Baseball has a built-in advantage already. Its multi-day series played against the same opponent naturally limit travel, but the regional schedule implemented in 2020 — where teams played only opponents in their own division and the corresponding geographical division in the opposite league — still resulted in a 22% drop in carbon emissions per game.
Cutting cross-country travel entirely might not be feasible from a fan enjoyment perspective, but the increasingly arbitrary division between the two leagues — especially if they become aligned in their use of a designated hitter — could provide an opportunity to draw up a more sustainable schedule. Rather than avoid them out of league allegiance, teams could play their neighbors as often as they play teams in their own division.
MLB is not currently considering anything like that.
The sustainability efforts led by Hanlon are focused exclusively on the ballpark operations. He sees concessions as the next frontier.

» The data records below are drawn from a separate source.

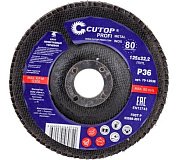 70-12536 круг лепестковый торцевой cutop profi 125х22,2мм р36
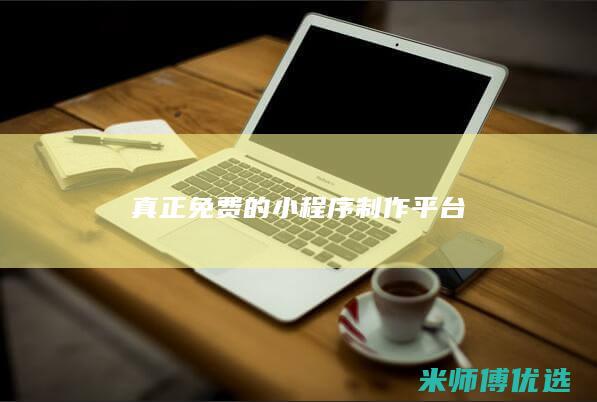 真正免费的小程序制作平台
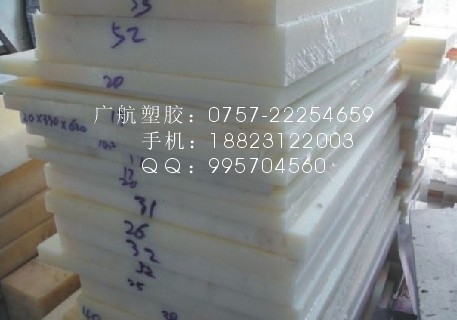 63毫米尼龙板==白色尼龙板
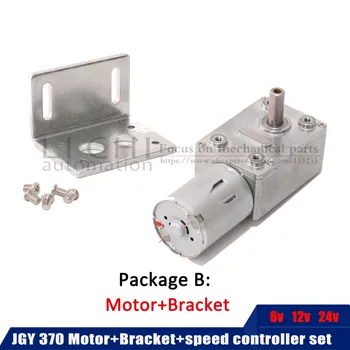 

JGY-370 worm gear motor 6v high torque 12V DC low speed motor 12 volts reducer Micro self-locking electric motor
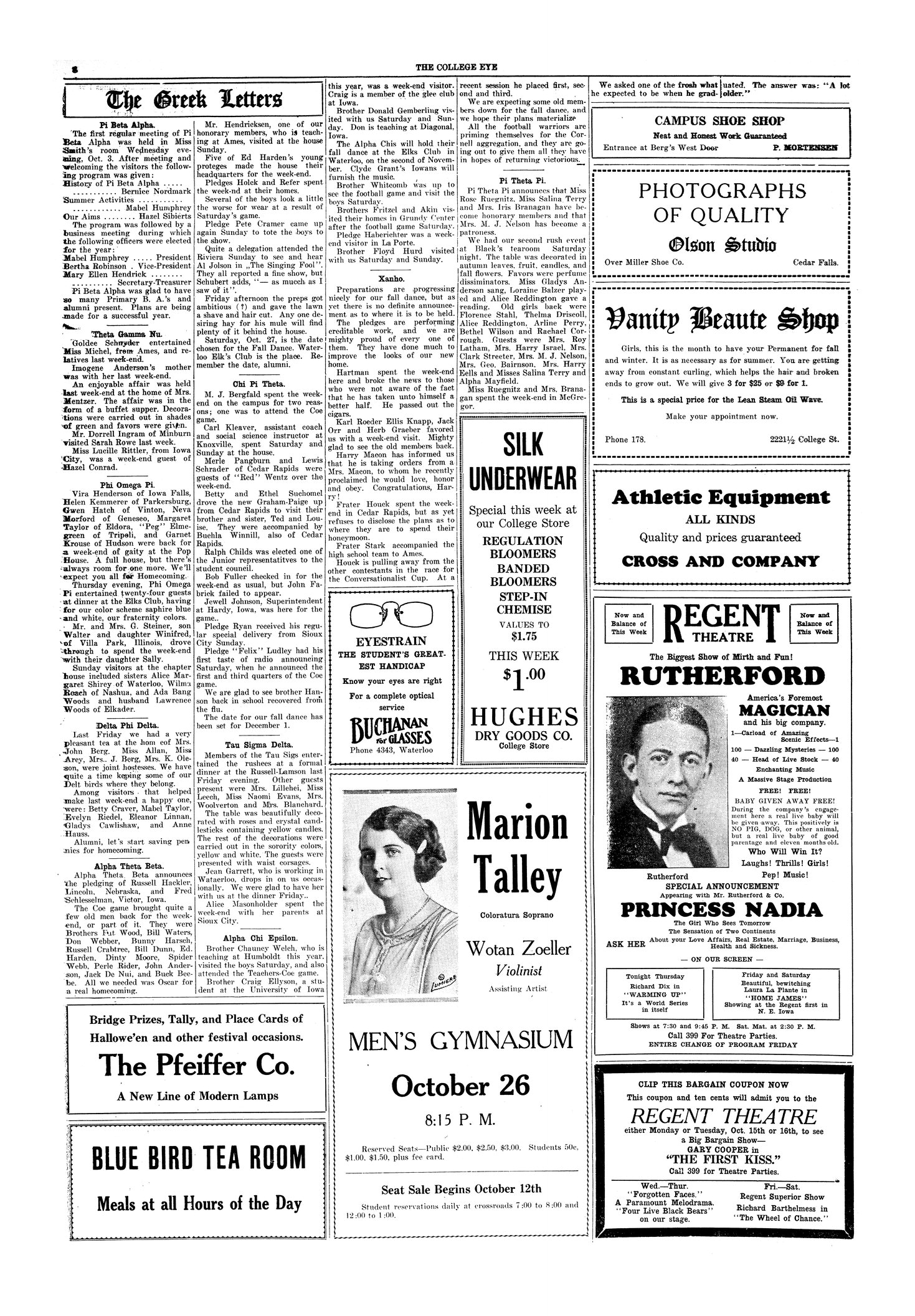 Archival Scanned Page with Text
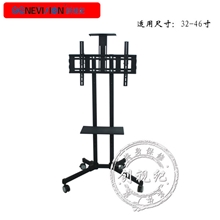 落地式广告机支架LD-1500推车落地支架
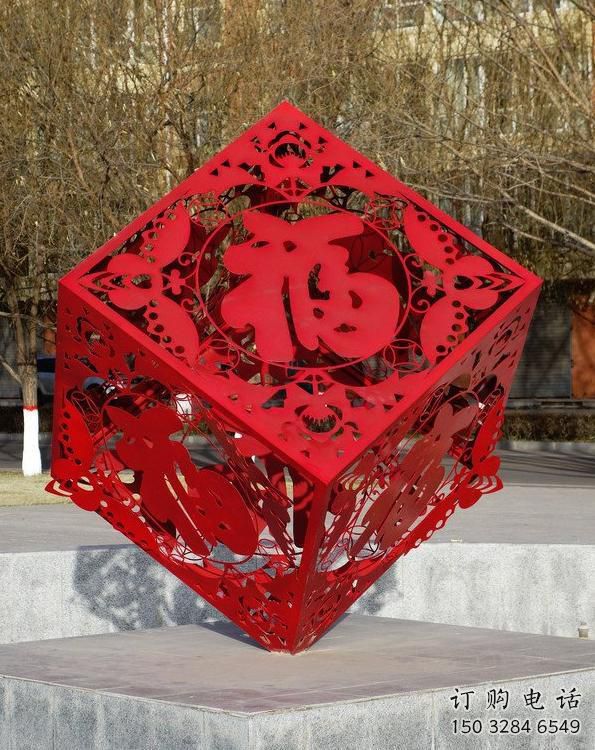 鏤空立方體雕塑 剪紙福字不銹鋼雕塑圖案 鏤空立方體雕塑 剪紙福字不銹鋼雕塑圖案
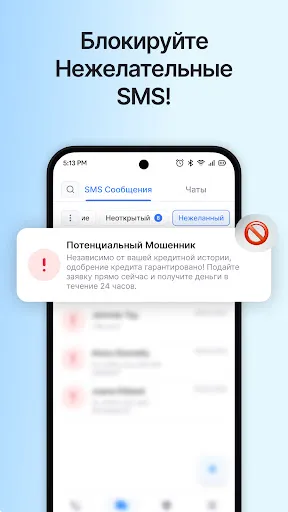 Скриншот 3 — Getcontact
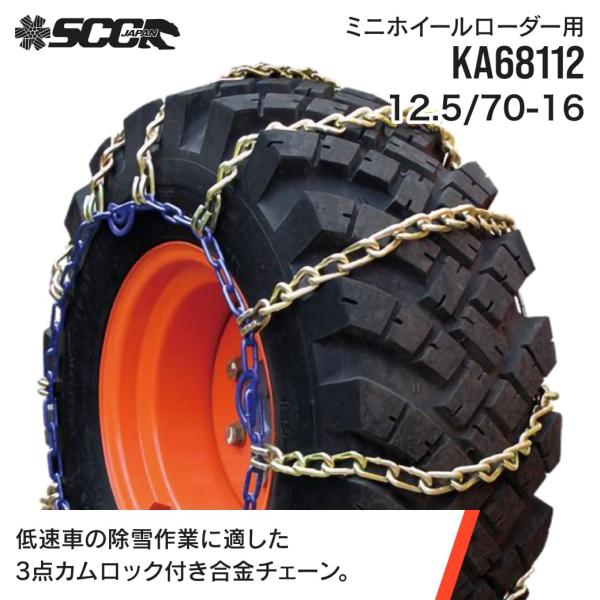 SCCタイヤチェーン KA68112|12.5/70-16 ミニホイールローダー用 カムロック付き合...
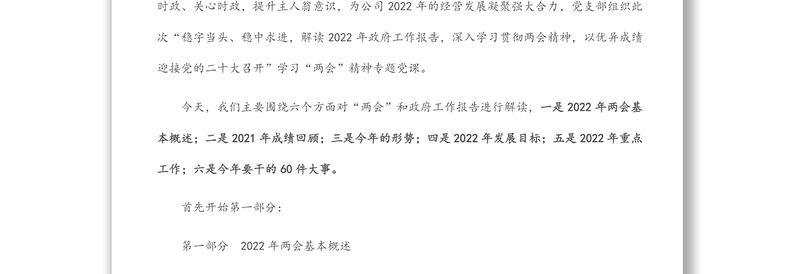 党支部学习贯彻2022年全国两会精神专题党课（附党课讲稿）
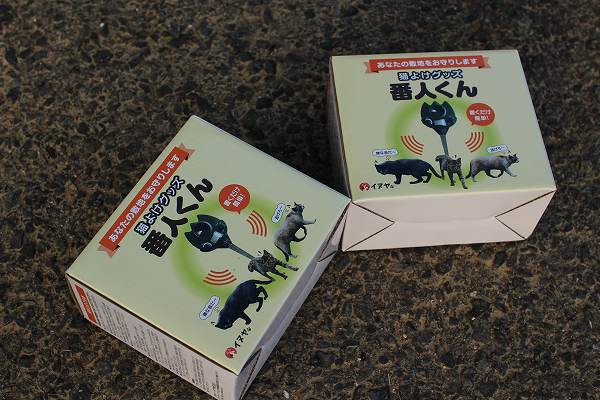 番人くん 野良猫撃退グッズ 1台 猫よけ 猫対策 Amazon | 猫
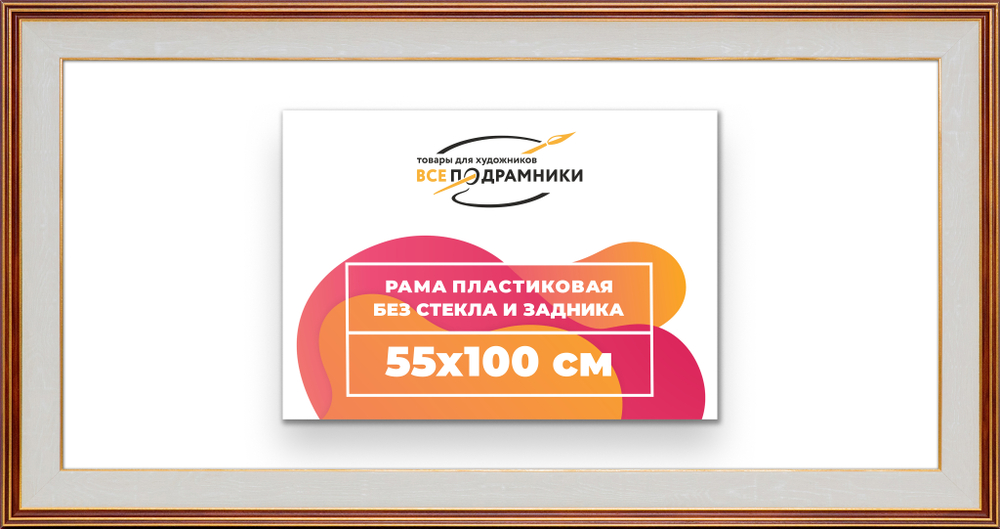 Рама 55x100 для картин и фотографий RP1111200-54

Dickerson, of Players for the Planet, agrees — suites generate an incredible amount of food waste, he says — but he has encountered roadblocks from corporate sponsors in trying to swap even the dugout beverage options for reusable water bottles.
(“I think it's just that maybe like years ago a contract was put in place to guarantee we're gonna use this particular vendor,” Hanlon says. “So I think it's ... like ... it's a temporary barrier.”)
Improving the sustainability of stadiums is a necessary and worthy endeavor. But Wynes believes MLB could be aiming bigger precisely because radical action is what it’s going to take to stem the apocalyptic creep of climate change.
“It's hard to imagine a world in which humanity really gets their act together on climate change, which is a big and difficult task, and sports just keeps on trucking and doesn't alter anything,” he says.
To not recognize the urgency is a form of delusion or denial or solipsism. Even as a younger generation — more attuned to climate change and more terrified of what it means for the future — inhabits clubhouses, Suter encounters resistance to his environmentalism from people who just don’t care.
“I mean I hear the line all the time, ‘When these things go down I'm gonna be old or dead and gone, so I don't really care.’ I'm like, it might be sooner than you're thinking there,” he says.
“But that's a tough level of selfishness to combat because it's just so so selfish.”